Não temos de provar nada a ninguém

Acho que não há ninguém no seu leito da morte que lamente não ter trabalhado mais. O que se torna óbvio à medida que crescemos é que não temos de provar rigorosamente nada a ninguém. Eu queria muito ser apreciada, valorizada, que vissem o meu potencial, que confiassem em mim, que me dessem oportunidades, que me validassem, que me fizessem ver que tinha feito a escolha certa, que ter deitado ao ar dois cursos e três empregos tinha valido a pena… Hoje eu quero apenas fazer coisas das quais me orgulhe e, nos entretantos, ter tempo para viver. As prioridades vão mudando por isso não se martirizem para querer ter tudo aqui e agora. Vão vivendo e tentando ganhar dinheiro com as coisas que gostam de fazer.

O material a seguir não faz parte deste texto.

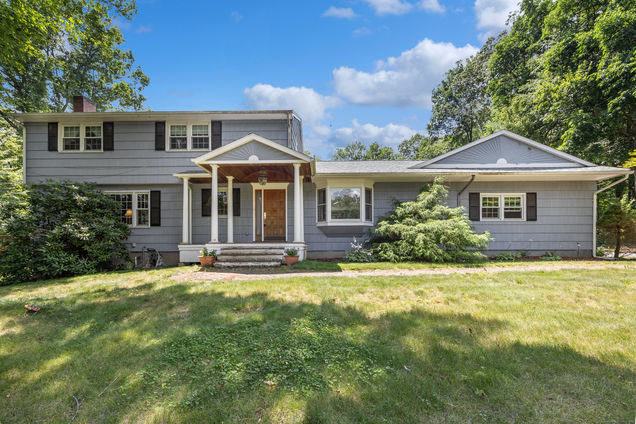 159 Haynes Avon, CT House Active - Photo 1 of 32. Opens carousel modal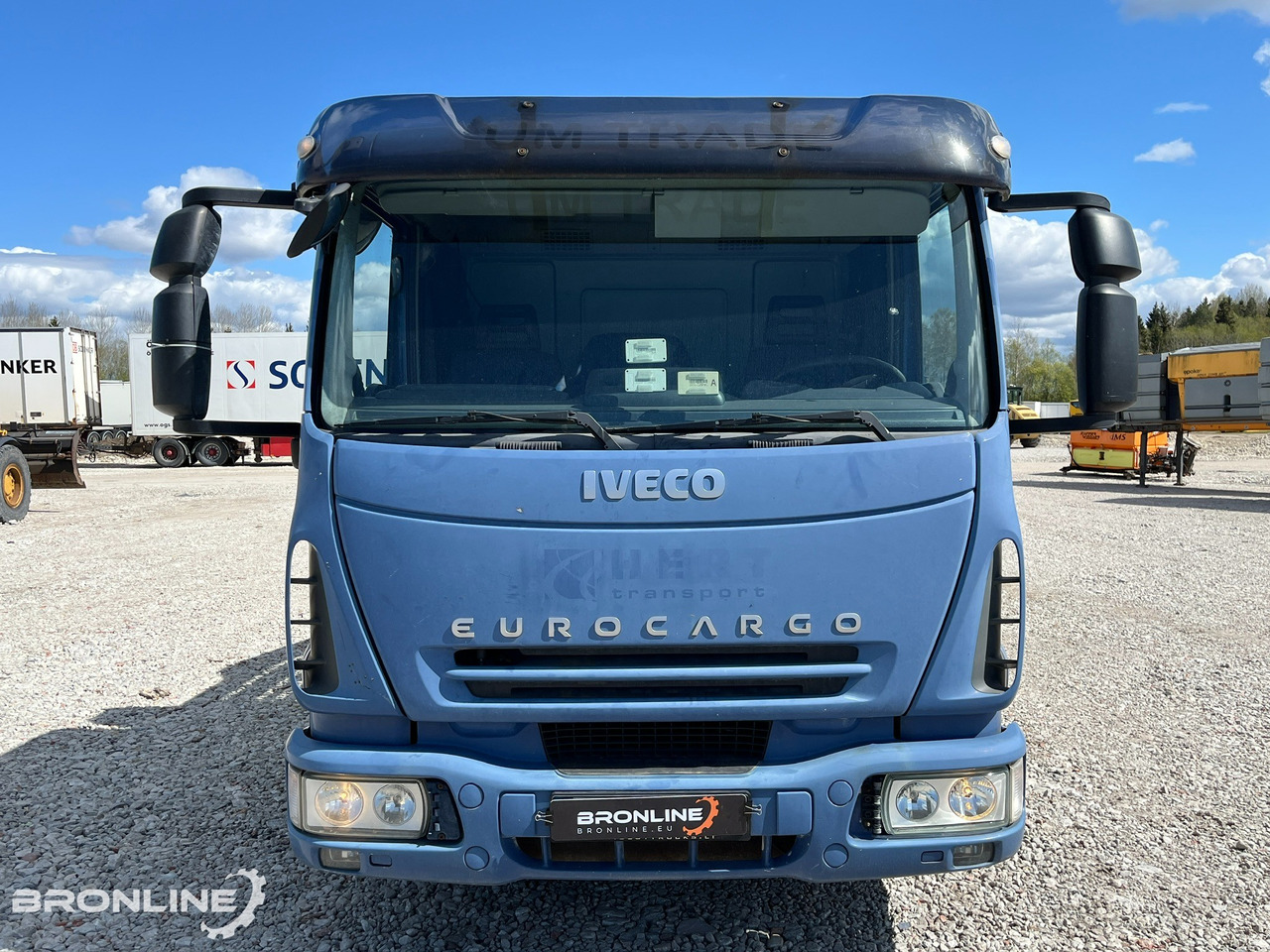 2007 IVECO EUROCARGO ML 80EL18 Puksiir - משאית גרירה: תמונה 3 2007 IVECO EUROCARGO ML 80EL18 Puksiir - משאית גרירה: תמונה 3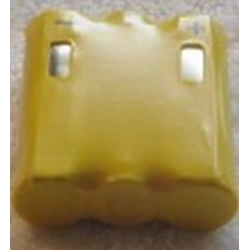 Ultralast AT&T 24280 3.6V 600mAh NiCad Cordless Phone Battery, 3AA-WCO
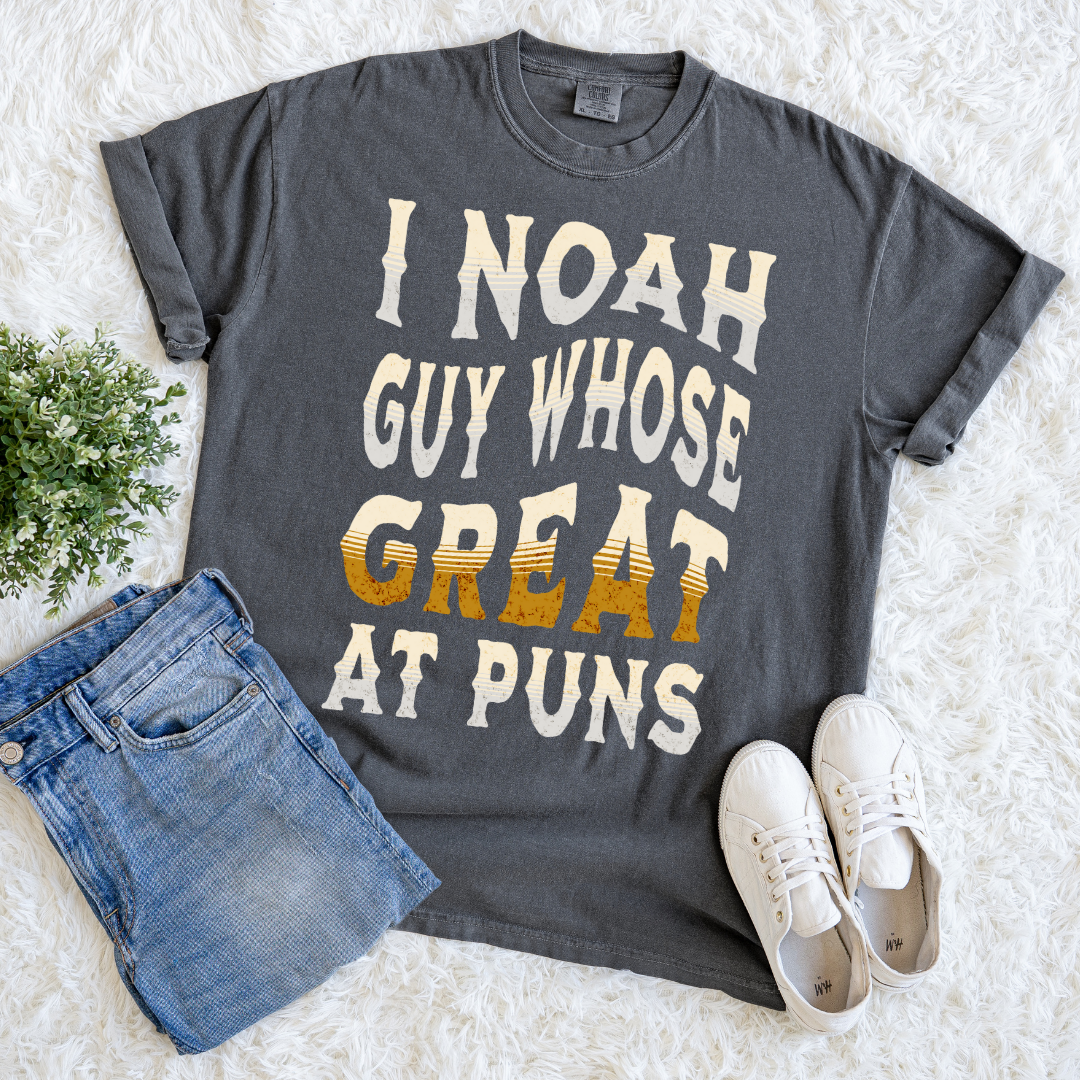 I Noah Guy T-shirt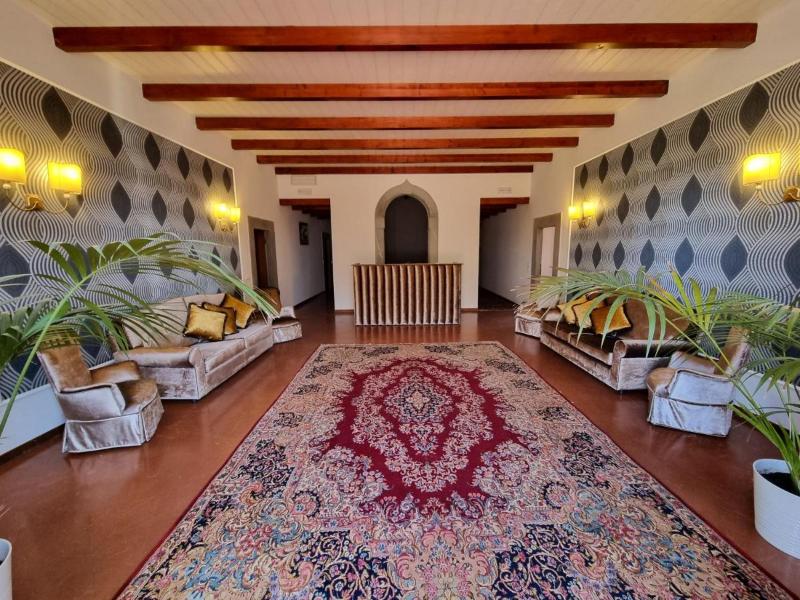 Agriturismo Villa Godenano Pool&Relax - Lobi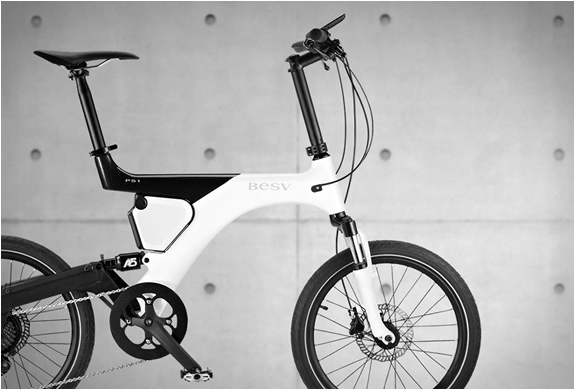 Besv Ps1 Electric Bike
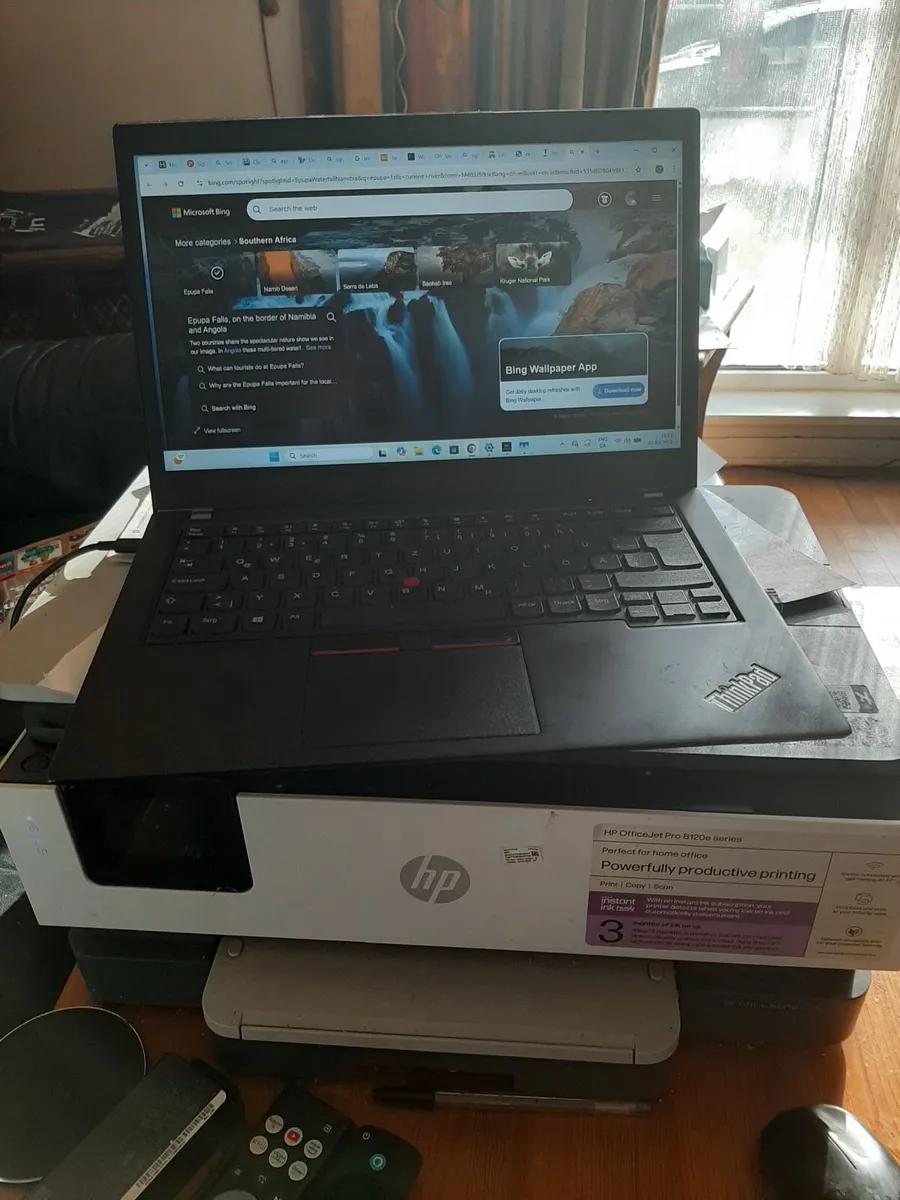 Lenova thinkpad - Image 1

Não se deixem controlar pelo medo do futuro

Porque toda a gente tem medo. Eu tive e tenho todos os dias. Tive medo quando abandonei a Política Social para me virar para a escrita. Tive medo quando me despedi da revista feminina porque já não era isso que me movia. Tenho medo a toda a hora. Medo de ter feito decisões erradas. Medo de ficar sem nada. Medo de não ter dinheiro para pagar as contas. Medo de não ter a segurança de um contrato de trabalho. Medo de ser um fracasso. Este medo do futuro está injetado na nossa cultura e a pressão para se ter a vida toda decidida é enorme. Mas, acreditem, não é o medo que move montanhas. É a coragem. E também não há coragem sem um pouco de medo. 

Patrões há muitos. Não trabalhem para pessoas de merda

Porque é aqui que cai bem um velhinho cliché: a vida é curta para a desperdiçarmos a trabalhar para pessoas horríveis. Eu tive três anos a trabalhar para um patrão do mais diabólico e intragável que se possa imaginar. E agradeço por cada dia que trabalhei para ele porque me deu bagagem para nunca mais na vida tolerar 1% do que tolerei naquela empresa e as coisas horríveis que vi e vivi. Assim, a não ser que estejam desesperados, comecem a procurar outro emprego para pagar as contas. Ninguém vos vai devolver os meses ou anos que passaram num emprego que vos dá cabo da saúde.

Vamos falhar e vamos aprender

Lembro-me de ter chorado baba e ranho na casa-de-banho na primeira vez que me rejeitaram um artigo. Passou-me de tudo pela cabeça: dei passos maiores que a perna, armei-me em chica-esperta que quer escrever mas não passo de uma fraude, quem sou eu para achar que podia simplesmente tornar o meu hobby num emprego? Que drama. Mas todos os fracassos são aprendizagem. Com aquele artigo que me foi rejeitado, percebi onde tinha falhado. E não voltei a cometer esses erros. Pensei que não ia sobreviver a outro fracasso. E tantos outros se seguiram. E com cada um deles aprendi coisas novas. Tentar, correr riscos, cair, levantar, voltar a tentar… faz tudo parte do processo de descobrirmos aquilo que gostamos e em que somos bons.

No final do dia, a felicidade é a meta. E para lá chegarmos temos de conseguir tomar a decisão de não fazer mais aquilo que efectivamente não nos deixa felizes. Mesmo que ainda estejamos longe de saber o que é que nos faz feliz. Ao longo da vida vamos ter de dar inúmeros passos atrás para conseguir saltar para a frente. Mas é isso que vale a pena. O salto. O frio na barriga. O medo. A fé. A expectativa. A aprendizagem. As experiências.

Vamos acabar por descobrir o caminho certo. Sem precisar de fazer um sprint.